On the Trigger and Time-Scales of Shallow-to-Deep Convection in Amazonia

Deep atmospheric convection over Tropical forests continues to be a challenge, partially because it is a complicated process that involves a large range of spatial and time scales, and partially because of the lack of continuous observations with high resolution. As a consequence, the shallow-to-deep convective transition is often not properly represented in numerical models, hampering our ability to trust, for instance, important studies about climate change impacts on the hydrological cycle.

To further our understanding of the s-t-d transition we used 2-years of data from the GoAmazon 2014/5 experiment (Martin et al., 2017) to study the evolution of convective events over the T3 site, in the central Amazonia (3° 12' 47.88" S, 60° 35' 55.32" W). Cloud-top brightness temperature (CTT) from GOES13 was used to identify 151 afternoon transition events as in Adams et al. (2017). In an Eulerian approach, we built composites (centered at time of minimum CTT, t₀) to investigate the transition timescales and evaluate the thermodynamic and environmental conditions.

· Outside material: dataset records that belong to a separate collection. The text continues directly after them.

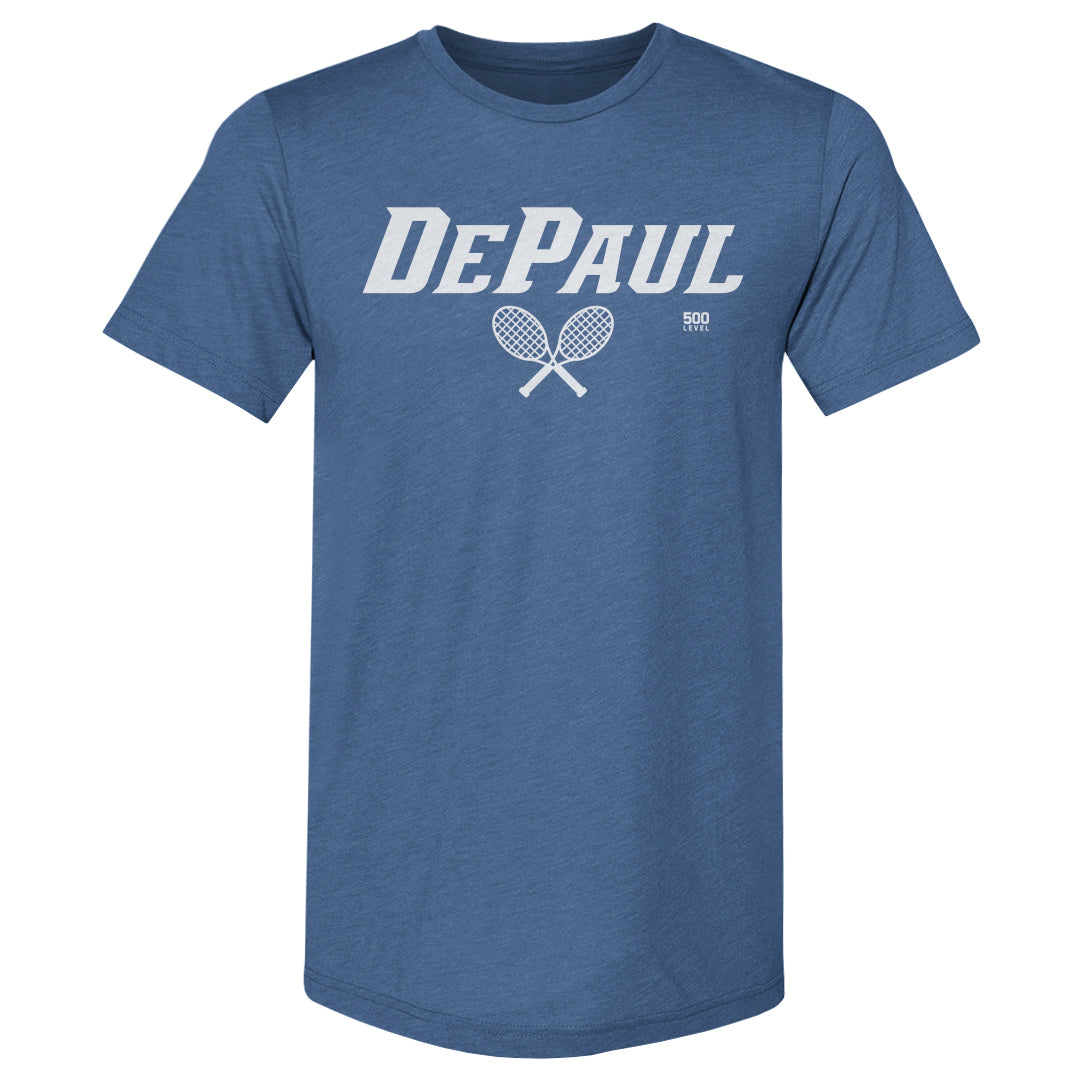 DePaul Blue Demons Tennis Minimalist WHT
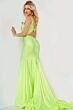 Jovani 08157 Cutout Back Beaded Dress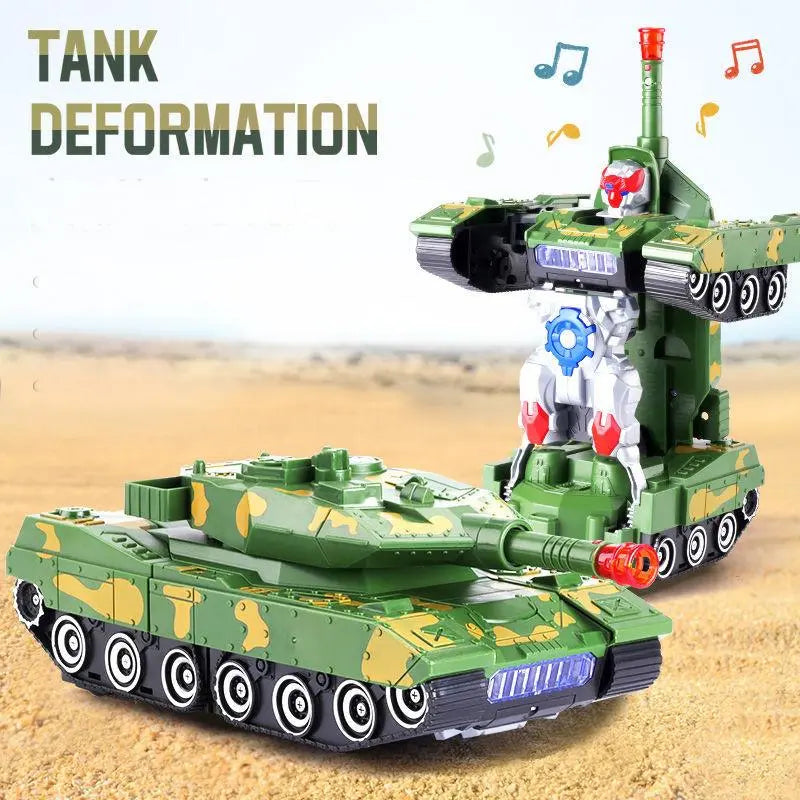 Kids Toys, Toddler Toys,Transformable Tank Robot Toy with Light & Sound, Automatic Obstacle Avoidance, Birthday Christmas Gift for Boys Girls 3+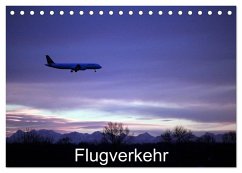 Flugverkehr (Tischkalender 2026 DIN A5 quer), CALVENDO Monatskalender
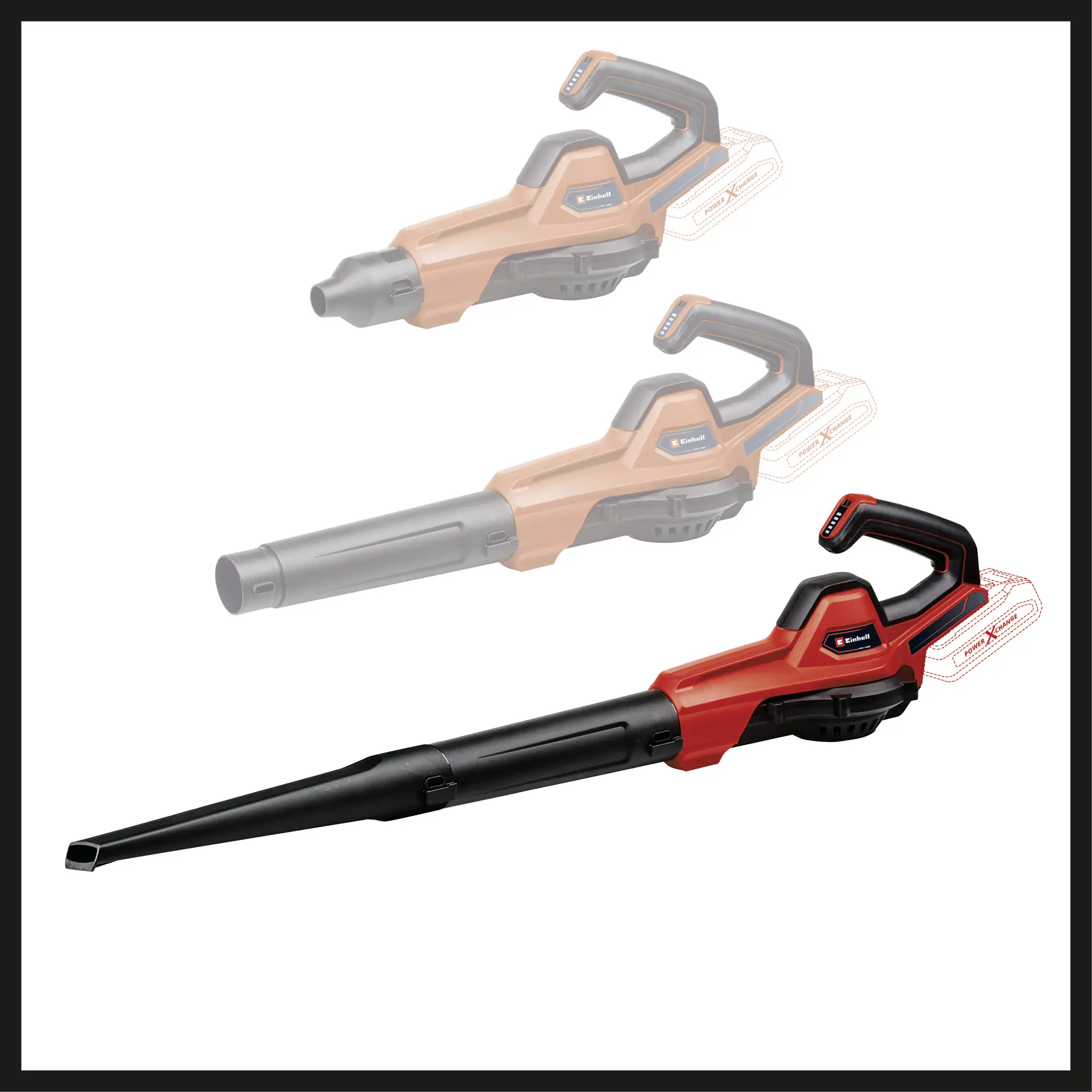 Einhell Akku Laubbläser GE-UB 18/250 Li E-Solo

According to our analysis, the typical s-t-d transition with the sunrise. The boundary layer height and the lifting condensation level (LCL) rise from 200m (t₀-8h) to 600m (t₀-4h), at the same time as the level of free convection (LFC) drops from 1800m to 600m, and CAPE increased from 200 J to 1000 J. During this period, warm-cloud fraction (CTT > 0^oC) is about 25% and deep-cloud fraction is negligible (<3%, CTT < -38^oC). After the atmospheric trigger (LFC = LCL), shallow clouds grow into congestus (t₀-4h to t₀-2h), with warm-cloud fraction decreasing to 15% and cold- fraction increasing to 15%. Since sunrise (t₀-8h), column water vapor increased from 5.5 to 5.8 cm. The next phase is congestus organizing into deep convection, which happens from t₀-2h to t₀, at the expense of CAPE consumption. CTT drops from 280K to 220K. Evaporation of rain, which started at t₀-2h, moistens the PBL, increasing RH and lowering the LCL, which decouples from the LFC that started to rise, as CAPE is reduced. Precipitation persists until t₀+2h. Warm-cloud fraction reaches a minimum of 8% around t₀+1h, when cold- fraction is maximum (60%).